North Hall's home course is hosting Monday's Class AAA girls tournament, which features Region 8-AAA runner-up Gainesville.

"I wouldn't say there's too much home-course advantage," Gainesville coach Clay McDonald said. "We're somewhat familiar with the course; moreso than someone else coming from out of town."

A young team like the Gainesville boys - each features only one senior - McDonald knows his team will have to use its depth and consistency to keep up with title contenders Woodward Academy, Franklin County, Columbus and St. Pius X.

"We expect to play well each time out," McDonald said. "We try and attack each course with our game plan and stay focused all day long. If we can do that, who knows what can happen?"
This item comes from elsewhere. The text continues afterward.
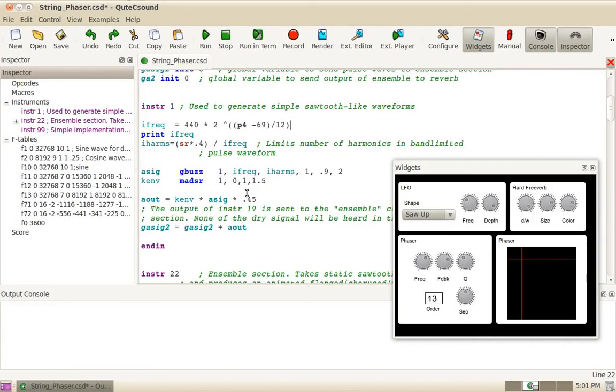Hi, this is part one in a series of screencasts showing the live events feature in CuteSound.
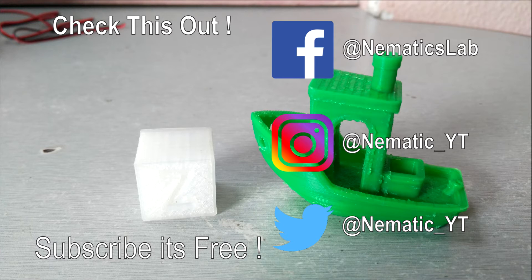Do follow me on social media because I post a lot of stuff over there. I'll see you guys in the next one.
Gainesville boys coach Bryson Worley knows, as his team used that approach to shoot a 305 during the region tournament. That score might not be low enough Monday.

"Any time you get below 300, you have a chance," Worley said. "The hard part is that golf is different because you don't know what you need to do in fourth quarter."

With no scoreboard displayed on the course, players have to rely on their coach for updates, which is something Worley hands out very carefully.

"You need to know who needs to know and who wants to know," he said. "Most of them don't want to know, but occasionally they'll ask late in the round if there is something they need to do."

Those questions could arise Monday considering the difficult field of teams like Spalding, Richmond Academy, St. Pius X, North Hall and Columbus, last year's state champion.

"There's legitimately 10 teams that can win," Worley said.

That makes playing on a familiar course all the more beneficial - or does it?

"You still have to be a good golf team," Mills said. "It'll give (Gainesville) and us some advantages there's no doubt, but you hate to overstate the advantages."

Some advantages both coaches agree on are the golfers sleeping in their own bed and eating "their momma's cooking." Gainesville has an added edge because of its locker room, a place the golfers can settle their minds before starting their rounds.

While those aspects alleviate some distractions, the biggest edge North Hall and Gainesville have is experience, and not the kind that comes from playing hundreds of rounds at Chattahoochee.

"Our kids our tournament tested," said Mills, citing the difficult region and out-of-town events they've competed in. "We've done the right things, they just have to play.

"But we're excited to be there," he added. "Any time you get to play for a state championship, it's going to be fun."

The only thing more enjoyable would be winning it on your home course.

"We don't talk about winning, we talk about preparing," Worley said. "We all know it would be awesome to win here, but we can't get caught up in it."